Dąbrówka Kościelna (Eichkirch) is a village in the administrative district of Gmina Kiszkowo, within Gniezno County, Greater Poland Voivodeship, in west-central Poland. It is surrounded by forest areas, and lies in the eastern part of Puszcza Zielonka Landscape Park.

The village has a neo-baroque Roman Catholic church (the Church of the Assumption of the Blessed Virgin Mary), built in 1925 in place of the former wooden church. The church houses a picture of the Madonna and Child, to which miracles have long been attributed (the original picture was displayed on an oak tree, and was said to glow in the dark), making the village and its church a popular destination for pilgrims since the 17th century. This tradition continues today, particularly in the form of an annual fair and mass pilgrimage in September. This takes place on the weekend of the first Sunday after 8 September, which is celebrated as the birthday of the Virgin Mary.

The present picture is actually the fourth copy of the original, which was destroyed when the then church burnt down as a result of lightning strike in 1774. A copy survived and continued to be venerated until the subsequent fire in 1925. A further copy (by Poznań artist Zientkiewicz) was consecrated in 1927. This was removed from the church by the parish priest in 1939 in an attempt to save it from the invading German forces at the start of World War II, but it was lost during fighting near Kutno, when the house in which it was being stored was destroyed. A further copy (based on surviving prints) was made in 1949 (by Edmund Szyfter), but it was felt to be of poor artistic quality and was demoted to use in processions. The copy currently on display over the church altar was commissioned in 1955 from the Toruń artist Professor Leonard Torwirt.

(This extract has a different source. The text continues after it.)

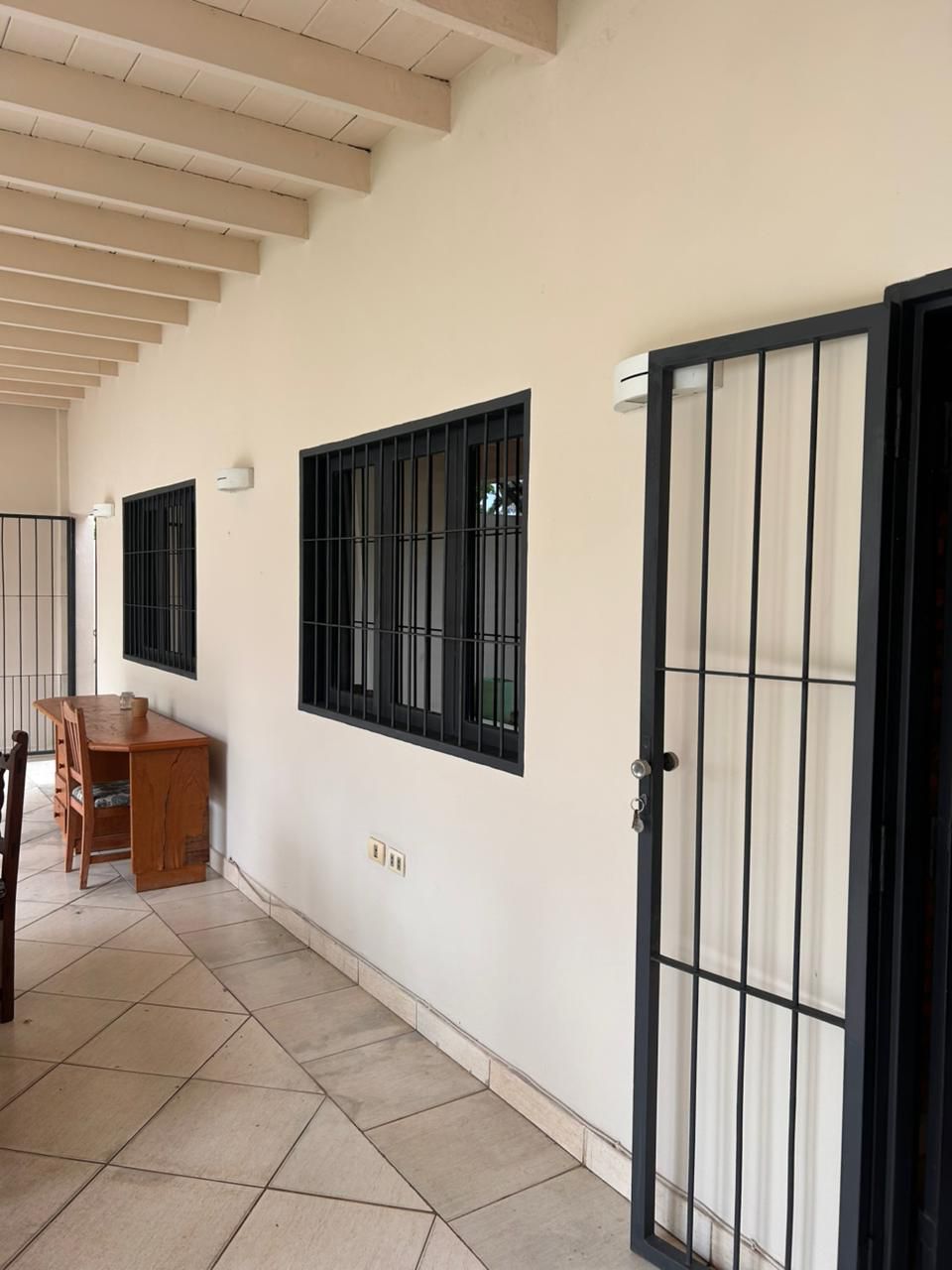 ALQUILO HERMOSA CASA EN EL BARRIO FELICIDAD DE LAMBARE — foto 3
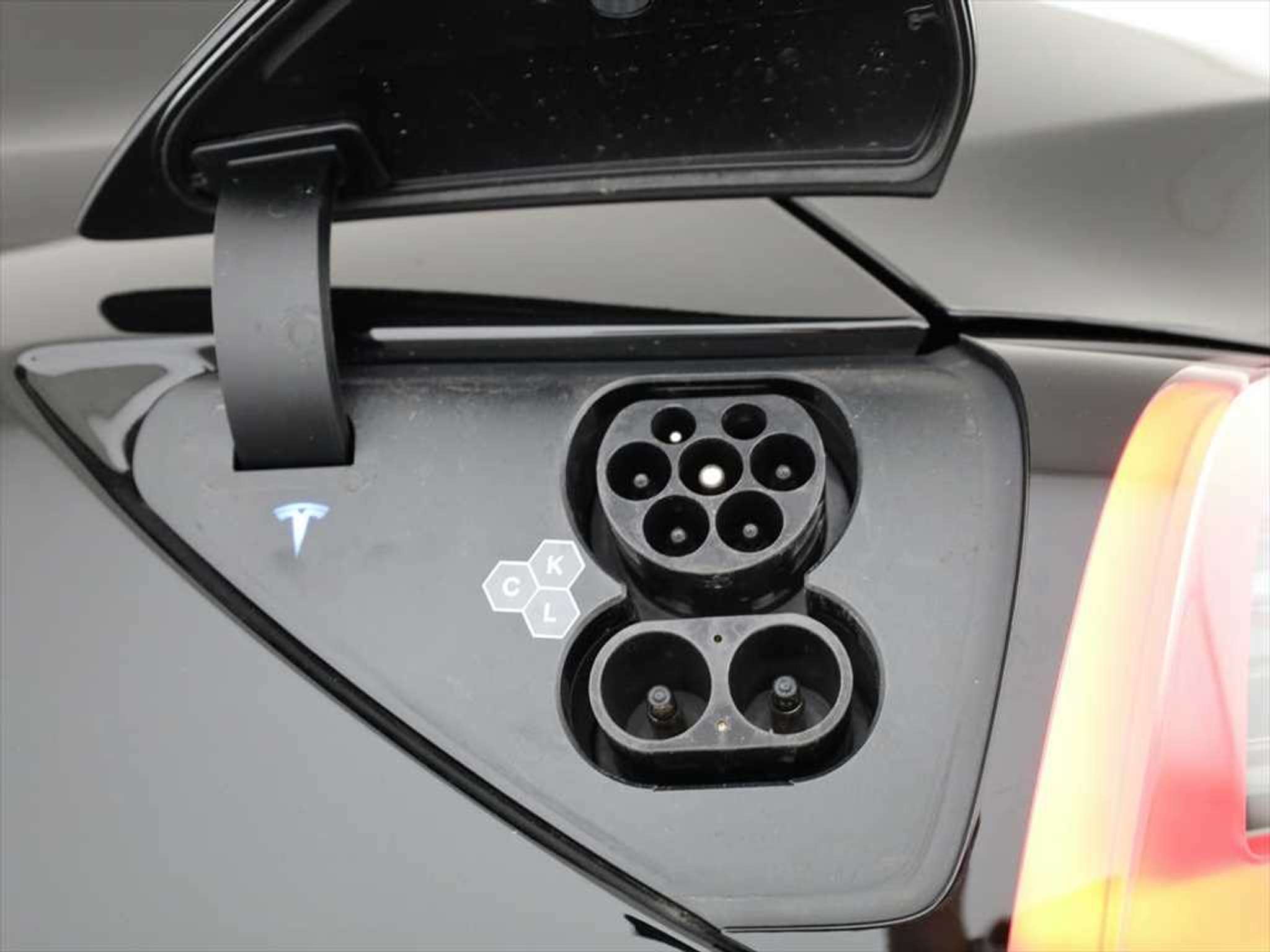 car-image-4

On 15 June 1969 the picture was "crowned" by the addition of gold crowns on the heads of Mary and Jesus, in a ceremony presided over by the Primate of Poland and authorized by Pope Paul VI. The original crowns were stolen from the church, along with other valuable items, in 1989, but new crowns were added at a second coronation ceremony in 1994.

In 2014, then U.S. Secretary of Defense Chuck Hagel visited the Church of the Assumption, where his great grandparents, Tomasz Kakolewski and Katarzyna Budnikowska, were married in 1882.